This exercise calls for the data below to be retyped exactly, minus any images.

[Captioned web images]
::::::

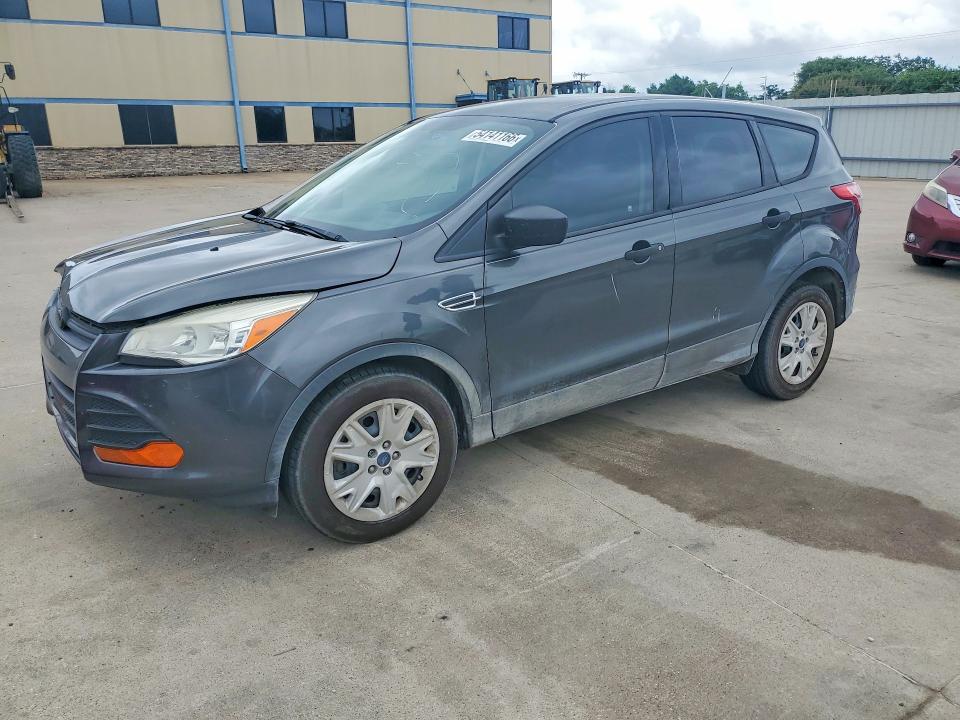 Aukcja sprzedaży 2015 Ford Escape, vin: 1FMCU0F78FUA77590, numer aukcji: 54141166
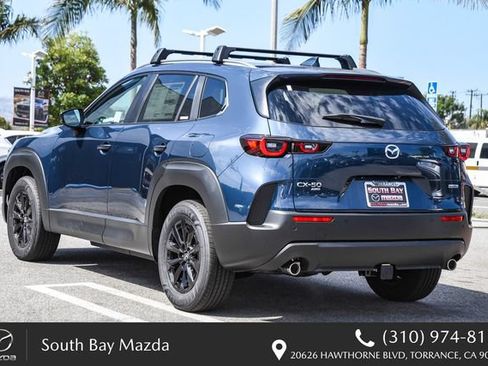 New 2026 MAZDA CX-50 2.5 Hybrid w/ Weather Package AWD/4WD image 8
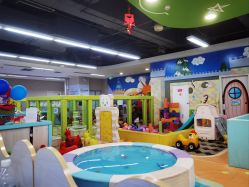 -孩子王童乐园(成都海滨城店)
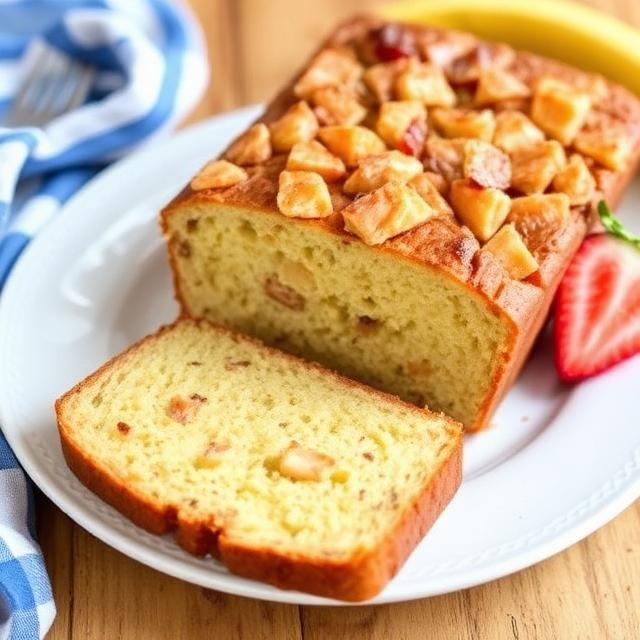 Hawaiian French Toast Bread Loaf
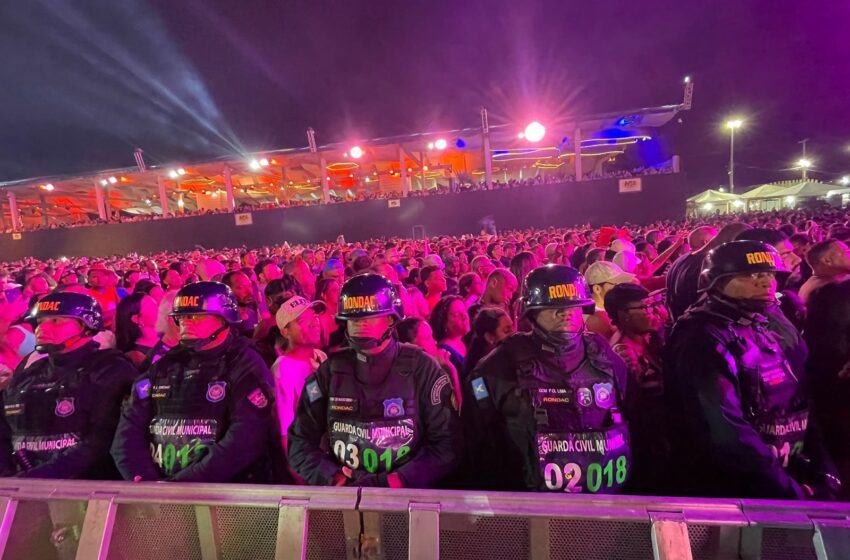  Festival da Virada: Paz, harmonia e números que impressionam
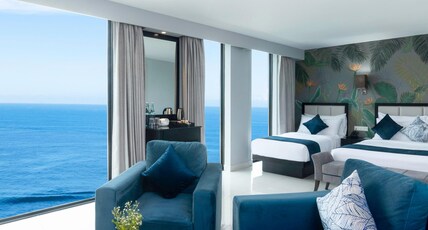 MaRadha Colombo Room Type - Signature Family Sea Front MaRadha Colombo Room Type - Signature Family Sea Front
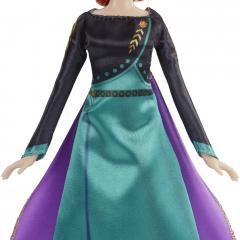 Papusa - Disney Frozen II: Queen Anna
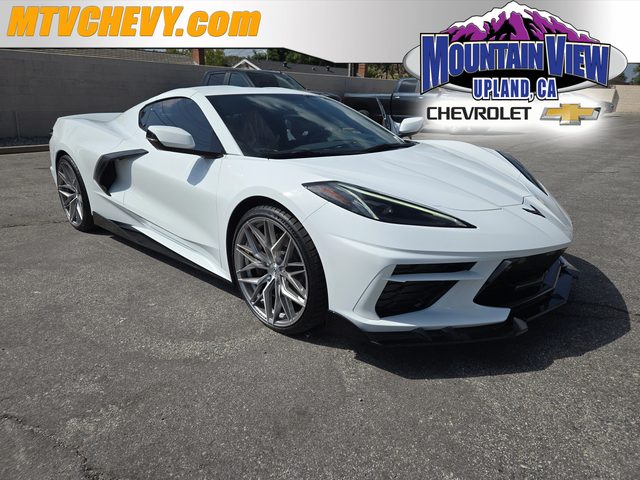 2021 Chevrolet Corvette 2LT RWD photo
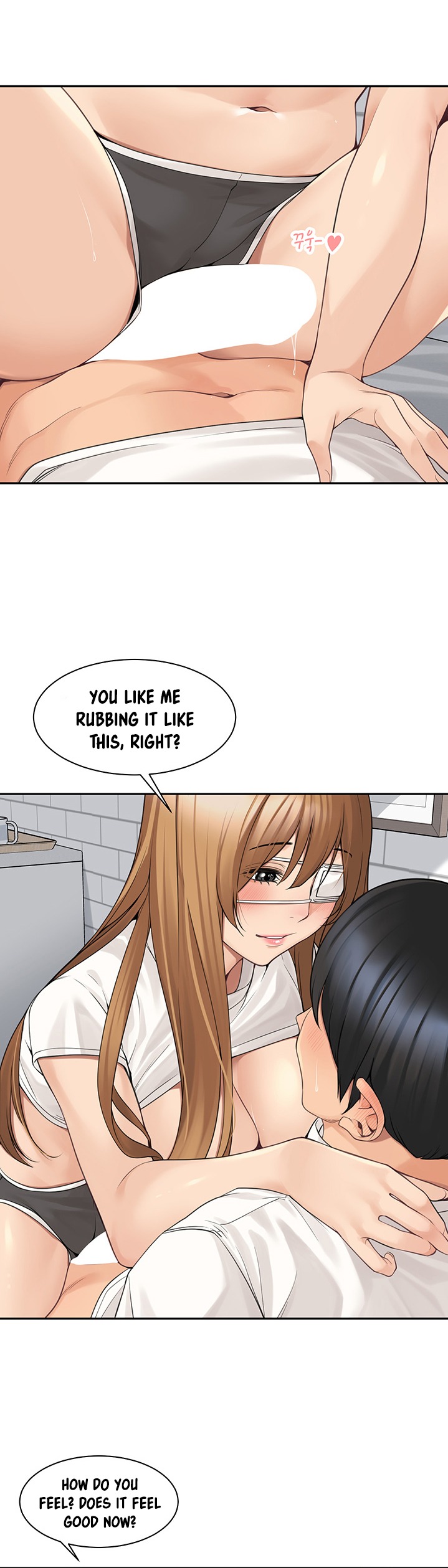 More Than Friends chapter 45 page 5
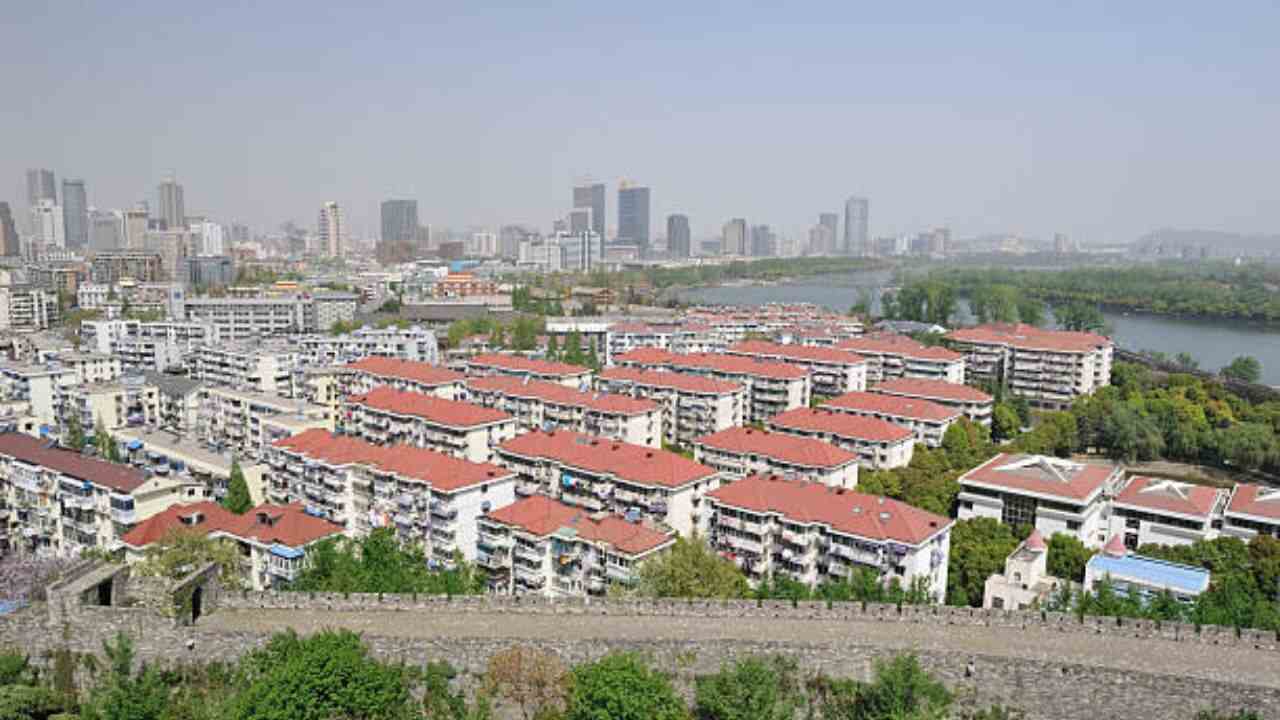 Tianjin Airlines Fuyang Office in China Tianjin Airlines Fuyang Office in China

::::::

Answer below:
 Aukcja sprzedaży 2015 Ford Escape, vin: 1FMCU0F78FUA77590, numer aukcji: 54141166
 New 2026 MAZDA CX-50 2.5 Hybrid w/ Weather Package AWD/4WD image 8
 -孩子王童乐园(成都海滨城店)
 Hawaiian French Toast Bread Loaf
  Festival da Virada: Paz, harmonia e números que impressionam
 MaRadha Colombo Room Type - Signature Family Sea Front MaRadha Colombo Room Type - Signature Family Sea Front
 Papusa - Disney Frozen II: Queen Anna
 2021 Chevrolet Corvette 2LT RWD photo
 More Than Friends chapter 45 page 5
 Tianjin Airlines Fuyang Office in China Tianjin Airlines Fuyang Office in China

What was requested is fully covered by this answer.